We can scale up and down. Resizing is done live.
## Monitoring ##
Because Elastic Cloud is running on infrastructure that we do not manage or have access to, we cannot use our exporters/Prometheus/Thanos/Alertmanager setup. For this reason, the only available option is to use Elasticsearch built-in monitoring that is storing monitoring metrics in Elasticsearch indices. In production environment, it makes sense to use a separate cluster for storing monitoring metrics (if metrics were stored on the same cluster, we wouldn't know the cluster is down because monitoring would be down as well).
There are 3 places where you check cluster performance:
- ElasticCloud interface (on the deployment page -> Performance)
- in Kibana, in cluster itself (provided monitoring is enabled)
- in Kibana, in the monitoring cluster (provided monitoring is configured to forward metrics to another cluster)
## Alerting ##
Since we cannot use our Alertmanager, Elasticsearch Watchers have to be used for alerting.
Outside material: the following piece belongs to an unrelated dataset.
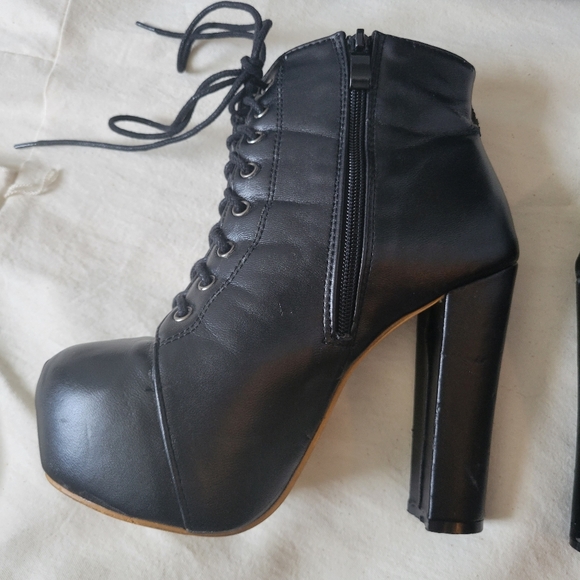 Black faux leather platform booties - Picture 3 of 6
They will be configured on the Elastic cluster used for storing monitoring indices.
Blackbox probes cannot provide us with sufficient granularity of state reporting.
# ES integration #
## ES integration docs ##
More detailed instructions and docs: https://docs.gitlab.com/ee/integration/elasticsearch.html
## ES integration admin page ##
Go to gitlab's admin panel, navigate to Settings -> [Integrations] -> Elasticsearch -> [Expand] (URL: `https://gitlab.com/admin/application_settings/integrations`)
## Enabling ES integration ##
Before you make any changes to config and click save, make sure you are aware of which namespaces will be indexed! consider:
- if you enable elasticsearch integration by just using the "Elasticsearch indexing" checkbox and clicking save, the entire instance will be indexed
- if you only want to enable indexing for a specific namespace, use the limiting feature and only then click save
- in order to allow for initial indexing to take place (which depending on the size of the instance can take a few hours/days) without breaking the search feature, do not enable searching with Elasticsearch. Do it after the initial indexing.
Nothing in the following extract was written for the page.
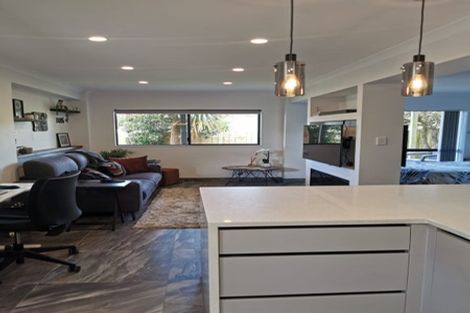 Photo of property in 1/43 Salisbury Road, Birkdale, Auckland, 0626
## Disabling ES integration ##
Disabling the elasticsearch integration (unticking the box and clicking save) will disable all integration related features in gitlab (e.g. there should be no further search requests to the ES cluster).
1. Go to ES integration admin page (see above)
1. Untick the box for ES indexing
1. Click save
1. All search queries should now use the regular Gitlab search mechanism
## When disabling ES integration did not help ##
Disabling the integration does not kill the ongoing sidekiq jobs and does not remove them from the queue. This means that if for example you accidentally enabled the integration on a huge instance, which resulted in lots of sidekiq jobs being created and enqueued, and your cluster got overwhelmed, simply disabling the integration will only prevent creation of new jobs, but will not get rid of existing ones.
To remove jobs from queues and kill running ones follow the steps described in `troubleshooting/large-sidekiq-queue.md` in this repo. After you removed all jobs, check monitoring metrics of the ES cluster to see if indexing requests stopped coming in. You should also keep an eye on [logs in kibana](https://log.gitlab.net/goto/370fba905cd3f79770854466210ec506)
*Note*
You might want to remove namespaces from the list of indexed namespaces (e.g. to prevent creation of new elastic_namespace_indexer jobs). There is a [bug](https://gitlab.com/gitlab-org/gitlab-ee/issues/11225) which prevents removal of indexed namespaces from the admin panel, for this reason it has to be done from the console. See the description of the linked issue for more info on how to do it.
*Note*
When the integration is enabled, new jobs are scheduled even if no namespaces are on the list
*Note*
An example procedure that should cover all edge cases (nuclear option, will wipe out everything related to elastic):
1. Disable ES integration in the admin panel
1. Remove all namespace objects using console commands in the bug above
1. Recreate index using rake task
1. Clear index status using rake task
1. Watch ES monitoring and Kibana logs
## Disabling elastic backed search, but leaving the integration on ##
You can prevent Gitlab from using ES integration for searching, but leave the integration itself enabled. An example of when this is useful is during initial indexing.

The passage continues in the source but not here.